By Folasade Folarin and Kemi Oladipo,
Medical records contain vital information about patients’ health status and serve as guides to doctors that follow up patients’ healthcare in various health institutions.
The records are essentially medical records of the people with whom patients literally entrust their lives.
But observers note that many patients, especially in Africa, seem not know that they have some rights to knowing what is said about their health status and perhaps, educating the caregivers in a better way, what might have been assumed the status of such patients by medical experts.
For instance, doctors may indicate something in patient’s file that could physically endanger him or someone else but may not deem it appropriate to give this information to you.
According to observers, such a patient can exercise the rights by asking questions about their assumed health status and file complaints on their observations.
They insist that patients’ rights also include accessing their health information and correcting or amending such information.
They also can exercise the right to accounting of disclosures of health information; notice of privacy practices and to file complaints.
They note that the World Health Organisation (WHO) formalised the Universal Declaration of Human Rights in 1948 to recognise “the inherent dignity and equal and unalienable rights of all members of the human family.’’
According to the organisation, assuring that the rights of patients are protected requires more than educating policy makers and health providers.
“A patient has to be well-informed about his illness, the nature of treatments, likely outcomes and side-effects, if any.
“The patient’s consent should be duly obtained before a surgical operation is carried out or any other special treatment is to be given to him and if he does not give his consent to a treatment, his decision must be respected.
“He may even reject blood transfusion, but the care-giver has a duty to ensure that the patient is making an informed decision by explaining the likely consequences of rejecting a prescribed treatment.’’ WHO declaration states.
In the light of this and the need to intimate medical practitioners of the laws that abound in medical practice with regards to patients’ rights, stakeholders have called for the inclusion of medical law in the curriculum of medical schools.
Mr Laolu Osanyin, a medical law expert, observed that most medical practitioners were not familiar with the laws that affected the growth and development of the healthcare system.
He said that most liability of doctors were civil that usually emanated from medical negligence or misconduct claims in which the sanctions were usually compensatory in nature.
Osanyin said that the controversy of the treatment or refusal of treatment of gunshot victims had put the Nigerian doctor, his patient and the Nigeria Police at cross roads.
He quoted Section 4(2) of the Robbery and Firearms (Special Provision) Act, Cap 398, 1984, stating that “it shall be the duty of any person, hospital or clinic that admits, treats or administers drug to any person suspected of having bullet wounds to immediately report the matter to the police,’’ to support his argument.
He said that the Act did not, however, tell the doctors not to treat gunshot wounds victims even if they were robbery suspects because they were also entitled to treatment but that they should be reported to the police immediately.
Similarly, Dr Afolabi Akinkumi, President, Association of Residents Doctors in Lagos University Teaching Hospital (LUTH), said that patients had the right to complain against poor service.
He, nonetheless, said that a lot of patients were now aware of their rights and that they made their complaints through the relevant channels provided by the law.
“Most times, some non-governmental organisations are involved in educating patients on their rights.

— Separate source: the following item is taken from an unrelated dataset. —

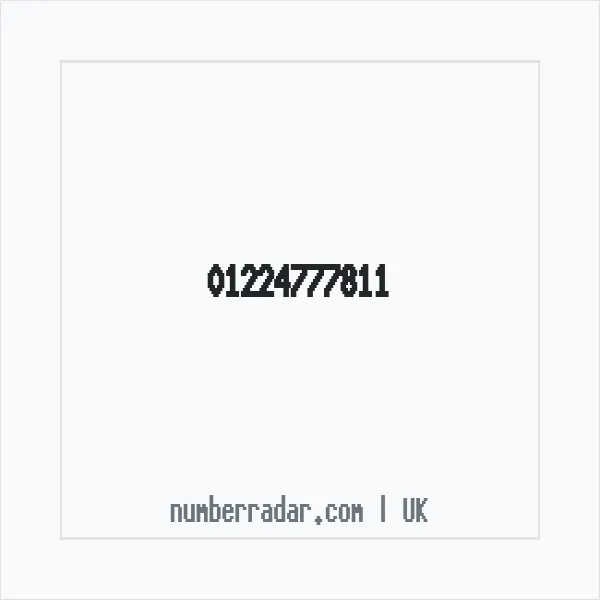 Reverse number check for +44 1224 777811 — who called me?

“The proper channels to report situations include a written letter to the hospital management and reporting the case to the Medical and Dental Council of Nigeria (MDCN).
“In a country with a very poor doctor-citizen ratio, patients should ensure they are seen by qualified medical practitioners before they complain.
“There are lots of quacks and paramedics masquerading as qualified medical practitioners; any patient seen by quacks cannot claim to have rights.
“Patients can also complain if they have objective evidence of poor treatment by doctors,’’ Akinkumi said.
He also said that the MDCN was saddled with the responsibility of administering sanctions to erring doctors who were found guilty.
“An administrative panel is expected to have investigated before a doctor is labelled as being guilty.
“Names of the guilty doctors can be struck out of the register for a specified duration and their licence can also be withdrawn permanently,’’ Akinwumi said.
To solve some of these challenges, some stakeholders in the health industry have solicited the institutionalisation of Patients’ Bill of Rights comprising the patients, service providers, government and labour.
They note that the production and effective implementation of the proposed bill would help make healthcare accessible to Nigerians and ensure qualitative and affordable service delivery.
Stating why patients should demand for their rights, Mr Joseph Amenaghawon, Programme Coordinator, Open Society Initiative for West Africa, observed that some doctors and health workers were not open to patients and their respective families.
He said Health Management Organisations had the responsibility of displaying the requirements and rights of enrolees in their health facilities.
All in all, analysts insist that primarily, patients have the right to know of the existence of any professional relationship among individuals who are treating him, as well as the relationship to any healthcare or educational institutions involved in his care.